Work item: Transcribe the records exactly. Pictures do not belong in the transcription.

==== Supplied data

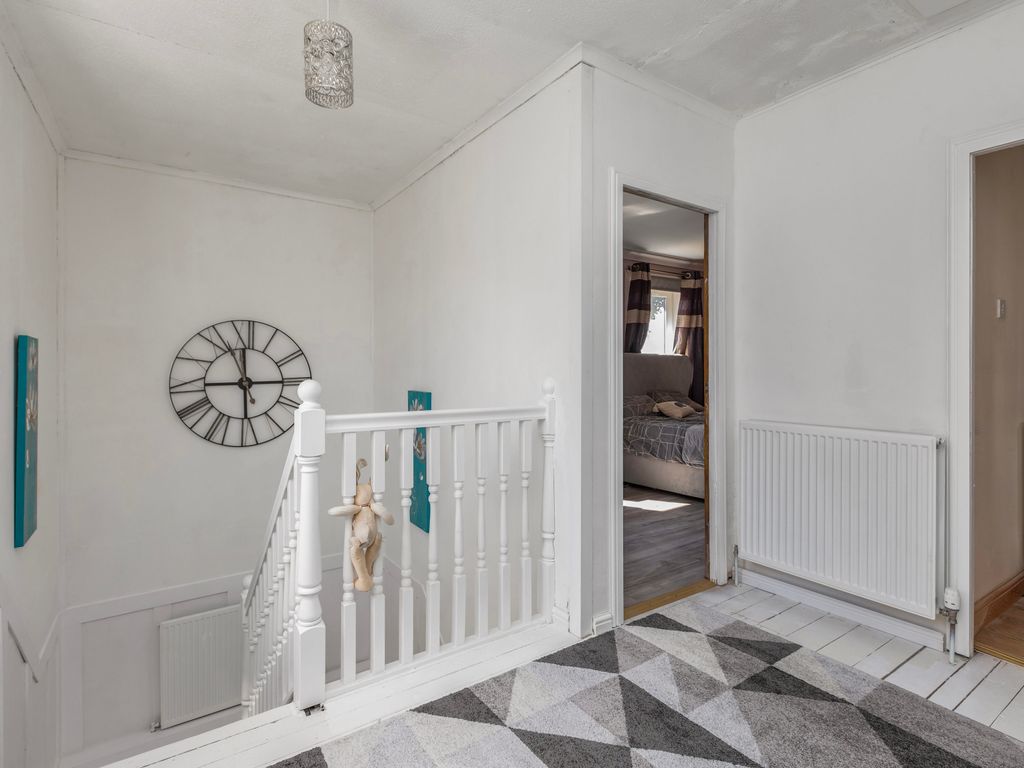 3 bed semi-detached house for sale in 35 Moredun Park View, Moredun, Edinburgh EH17, £230,000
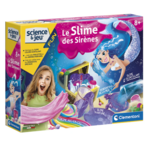 Clementoni Le slime des sirène FR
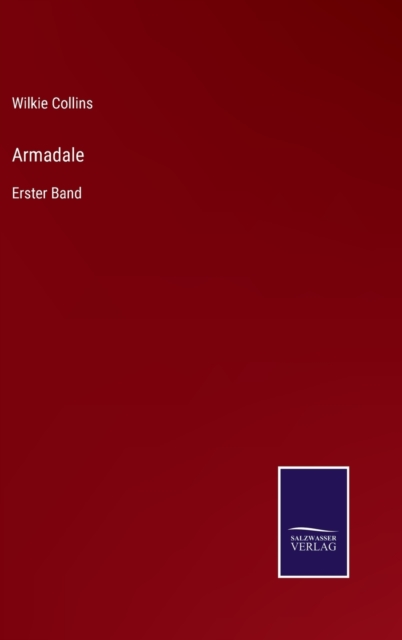 Armadale : Erster Band, Hardback Book
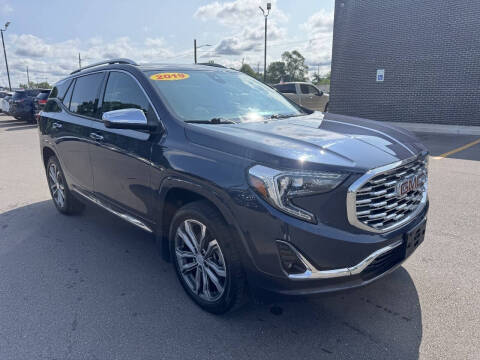 2019 GMC Terrain Denali
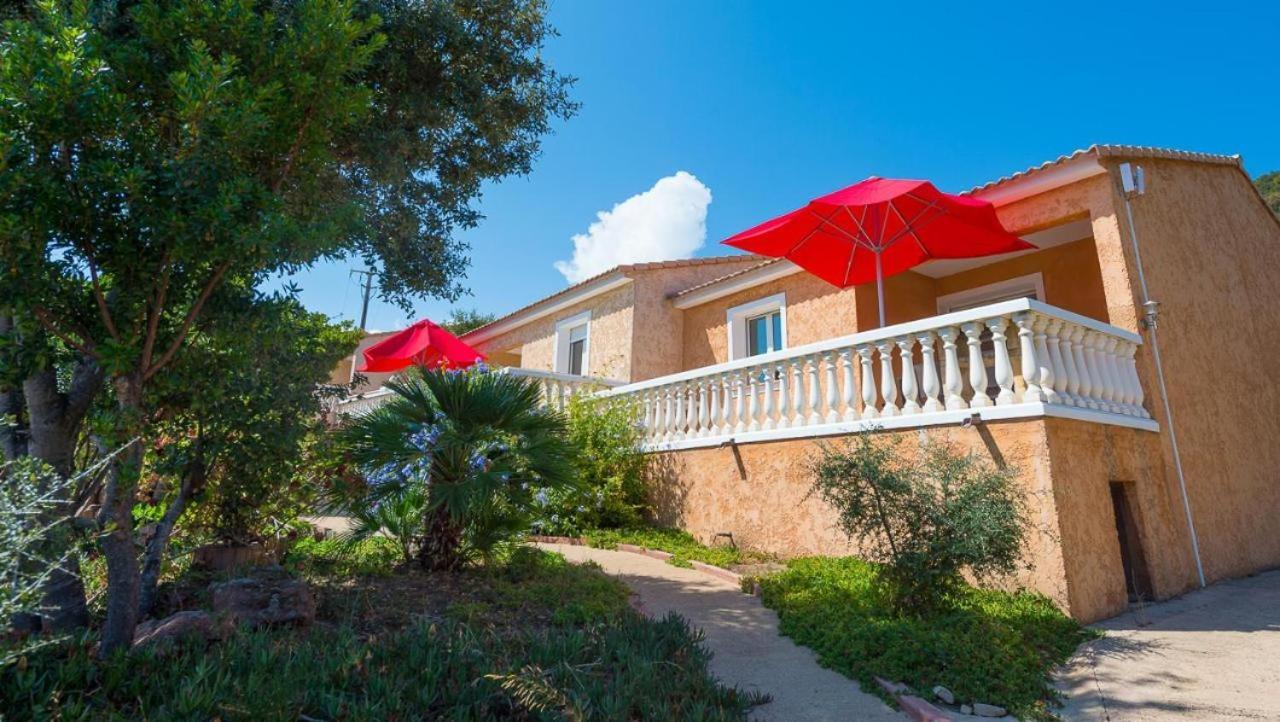 Via Mare Hotel Sainte-Lucie de Porto-Vecchio Exterior photo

========

Expected answer:
 3 bed semi-detached house for sale in 35 Moredun Park View, Moredun, Edinburgh EH17, £230,000
 Clementoni Le slime des sirène FR
 Armadale : Erster Band, Hardback Book
 2019 GMC Terrain Denali
 Via Mare Hotel Sainte-Lucie de Porto-Vecchio Exterior photo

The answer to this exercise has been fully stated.